Requirement:
Read through the data and report every line in which the word "brick" occurs.

Task input:
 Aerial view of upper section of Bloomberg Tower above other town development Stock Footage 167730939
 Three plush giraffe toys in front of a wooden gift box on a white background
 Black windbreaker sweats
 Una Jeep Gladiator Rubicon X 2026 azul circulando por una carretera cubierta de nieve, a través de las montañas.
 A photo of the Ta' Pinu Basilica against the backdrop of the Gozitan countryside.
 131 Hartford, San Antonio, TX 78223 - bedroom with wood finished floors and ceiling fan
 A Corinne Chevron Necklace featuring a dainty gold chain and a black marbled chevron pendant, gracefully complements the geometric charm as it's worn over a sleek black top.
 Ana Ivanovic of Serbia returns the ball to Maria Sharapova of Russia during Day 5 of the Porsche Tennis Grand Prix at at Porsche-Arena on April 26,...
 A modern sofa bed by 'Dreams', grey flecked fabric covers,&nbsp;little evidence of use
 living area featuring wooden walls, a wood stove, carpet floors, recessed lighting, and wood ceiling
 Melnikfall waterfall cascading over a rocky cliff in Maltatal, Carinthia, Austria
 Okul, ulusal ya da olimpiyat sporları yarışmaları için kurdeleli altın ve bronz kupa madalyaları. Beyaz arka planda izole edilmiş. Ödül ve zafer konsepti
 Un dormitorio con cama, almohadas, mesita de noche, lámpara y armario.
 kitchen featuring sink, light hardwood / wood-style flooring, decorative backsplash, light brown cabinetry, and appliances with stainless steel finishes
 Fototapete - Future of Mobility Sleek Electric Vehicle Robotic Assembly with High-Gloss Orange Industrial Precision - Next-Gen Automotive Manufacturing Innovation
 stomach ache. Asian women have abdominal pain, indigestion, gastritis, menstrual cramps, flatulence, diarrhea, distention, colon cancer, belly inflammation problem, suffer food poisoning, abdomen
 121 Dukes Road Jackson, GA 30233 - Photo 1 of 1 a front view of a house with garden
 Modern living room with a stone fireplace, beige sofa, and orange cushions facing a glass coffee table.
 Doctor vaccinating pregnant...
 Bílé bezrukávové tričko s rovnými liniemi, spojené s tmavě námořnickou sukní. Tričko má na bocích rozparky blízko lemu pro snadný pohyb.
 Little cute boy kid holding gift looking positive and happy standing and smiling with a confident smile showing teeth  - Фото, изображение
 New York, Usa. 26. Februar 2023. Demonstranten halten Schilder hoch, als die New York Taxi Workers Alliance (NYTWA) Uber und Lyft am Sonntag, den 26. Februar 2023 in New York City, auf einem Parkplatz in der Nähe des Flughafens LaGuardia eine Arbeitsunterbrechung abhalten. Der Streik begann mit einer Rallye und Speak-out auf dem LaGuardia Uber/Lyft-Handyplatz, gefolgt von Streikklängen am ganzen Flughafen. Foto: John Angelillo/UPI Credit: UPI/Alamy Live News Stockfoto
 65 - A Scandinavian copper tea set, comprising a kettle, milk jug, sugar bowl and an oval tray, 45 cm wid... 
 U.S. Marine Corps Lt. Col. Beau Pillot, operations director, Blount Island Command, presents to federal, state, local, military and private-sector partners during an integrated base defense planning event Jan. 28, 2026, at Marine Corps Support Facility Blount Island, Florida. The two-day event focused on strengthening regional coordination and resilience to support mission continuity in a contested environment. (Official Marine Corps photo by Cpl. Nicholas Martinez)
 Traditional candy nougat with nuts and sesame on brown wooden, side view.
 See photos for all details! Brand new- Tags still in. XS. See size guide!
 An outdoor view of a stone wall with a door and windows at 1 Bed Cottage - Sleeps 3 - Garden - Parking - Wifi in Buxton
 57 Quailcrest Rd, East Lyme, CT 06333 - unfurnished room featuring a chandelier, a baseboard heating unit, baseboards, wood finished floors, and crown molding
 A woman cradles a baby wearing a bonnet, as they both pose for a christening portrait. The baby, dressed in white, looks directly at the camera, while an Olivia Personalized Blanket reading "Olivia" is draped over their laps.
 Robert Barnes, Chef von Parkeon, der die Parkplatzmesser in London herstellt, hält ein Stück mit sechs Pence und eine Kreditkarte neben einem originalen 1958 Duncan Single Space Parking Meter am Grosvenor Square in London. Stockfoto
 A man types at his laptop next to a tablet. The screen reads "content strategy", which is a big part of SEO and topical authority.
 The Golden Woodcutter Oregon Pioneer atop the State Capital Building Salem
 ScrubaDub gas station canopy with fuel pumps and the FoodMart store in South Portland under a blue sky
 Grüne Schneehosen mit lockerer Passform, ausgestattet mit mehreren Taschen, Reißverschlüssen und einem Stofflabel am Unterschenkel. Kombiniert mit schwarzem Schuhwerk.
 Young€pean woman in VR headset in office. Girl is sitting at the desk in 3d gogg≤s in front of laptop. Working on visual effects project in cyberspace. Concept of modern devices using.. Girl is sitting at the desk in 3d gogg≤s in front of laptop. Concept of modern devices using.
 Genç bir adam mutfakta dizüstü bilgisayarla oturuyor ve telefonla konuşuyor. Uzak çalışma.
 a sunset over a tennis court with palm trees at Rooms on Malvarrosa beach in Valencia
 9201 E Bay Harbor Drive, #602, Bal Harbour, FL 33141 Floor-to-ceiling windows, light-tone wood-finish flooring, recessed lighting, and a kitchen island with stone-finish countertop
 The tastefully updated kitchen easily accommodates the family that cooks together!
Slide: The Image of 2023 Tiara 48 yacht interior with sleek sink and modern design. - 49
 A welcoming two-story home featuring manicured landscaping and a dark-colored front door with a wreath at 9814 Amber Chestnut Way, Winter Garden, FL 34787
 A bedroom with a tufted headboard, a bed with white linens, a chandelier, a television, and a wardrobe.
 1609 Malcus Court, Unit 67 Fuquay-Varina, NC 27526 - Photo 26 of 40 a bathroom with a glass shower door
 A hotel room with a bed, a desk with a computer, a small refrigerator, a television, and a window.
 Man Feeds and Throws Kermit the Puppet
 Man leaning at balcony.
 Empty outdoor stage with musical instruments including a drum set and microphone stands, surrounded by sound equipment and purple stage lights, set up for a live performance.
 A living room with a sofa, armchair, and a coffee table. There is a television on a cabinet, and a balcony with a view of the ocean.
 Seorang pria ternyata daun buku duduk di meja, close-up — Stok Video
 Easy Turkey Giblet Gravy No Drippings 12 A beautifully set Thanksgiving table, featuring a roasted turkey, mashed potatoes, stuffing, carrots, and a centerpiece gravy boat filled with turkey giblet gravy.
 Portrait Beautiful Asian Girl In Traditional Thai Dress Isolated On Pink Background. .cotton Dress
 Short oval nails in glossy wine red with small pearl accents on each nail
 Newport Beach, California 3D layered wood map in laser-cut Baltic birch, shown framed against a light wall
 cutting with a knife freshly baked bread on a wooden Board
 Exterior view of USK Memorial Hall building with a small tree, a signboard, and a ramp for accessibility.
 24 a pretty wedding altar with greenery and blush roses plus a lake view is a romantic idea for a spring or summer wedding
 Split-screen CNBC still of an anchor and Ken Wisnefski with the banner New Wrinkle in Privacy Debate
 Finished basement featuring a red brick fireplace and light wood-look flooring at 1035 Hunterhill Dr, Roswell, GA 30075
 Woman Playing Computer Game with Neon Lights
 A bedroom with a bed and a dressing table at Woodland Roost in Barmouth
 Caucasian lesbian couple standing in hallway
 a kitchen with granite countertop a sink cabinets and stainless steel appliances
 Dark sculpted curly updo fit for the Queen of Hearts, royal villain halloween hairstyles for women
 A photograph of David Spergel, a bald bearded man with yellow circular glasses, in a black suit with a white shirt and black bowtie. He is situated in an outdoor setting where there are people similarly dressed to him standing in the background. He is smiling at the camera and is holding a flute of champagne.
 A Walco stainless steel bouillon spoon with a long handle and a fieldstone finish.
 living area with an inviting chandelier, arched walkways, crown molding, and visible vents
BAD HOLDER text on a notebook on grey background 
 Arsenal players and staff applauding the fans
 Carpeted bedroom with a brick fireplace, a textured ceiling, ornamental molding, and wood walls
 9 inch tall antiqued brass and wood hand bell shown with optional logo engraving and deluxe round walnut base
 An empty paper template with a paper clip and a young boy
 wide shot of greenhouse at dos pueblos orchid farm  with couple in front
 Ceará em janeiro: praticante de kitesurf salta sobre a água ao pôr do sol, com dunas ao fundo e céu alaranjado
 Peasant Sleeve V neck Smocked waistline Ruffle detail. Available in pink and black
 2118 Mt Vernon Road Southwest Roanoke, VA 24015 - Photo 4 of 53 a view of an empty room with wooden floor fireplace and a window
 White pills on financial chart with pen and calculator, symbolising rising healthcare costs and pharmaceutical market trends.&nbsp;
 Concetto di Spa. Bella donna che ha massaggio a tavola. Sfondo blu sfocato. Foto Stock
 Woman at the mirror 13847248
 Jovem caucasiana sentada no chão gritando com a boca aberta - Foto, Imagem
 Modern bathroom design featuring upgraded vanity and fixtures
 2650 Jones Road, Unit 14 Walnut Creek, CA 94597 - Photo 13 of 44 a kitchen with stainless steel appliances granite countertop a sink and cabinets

Your response:
 Finished basement featuring a red brick fireplace and light wood-look flooring at 1035 Hunterhill Dr, Roswell, GA 30075
 Carpeted bedroom with a brick fireplace, a textured ceiling, ornamental molding, and wood walls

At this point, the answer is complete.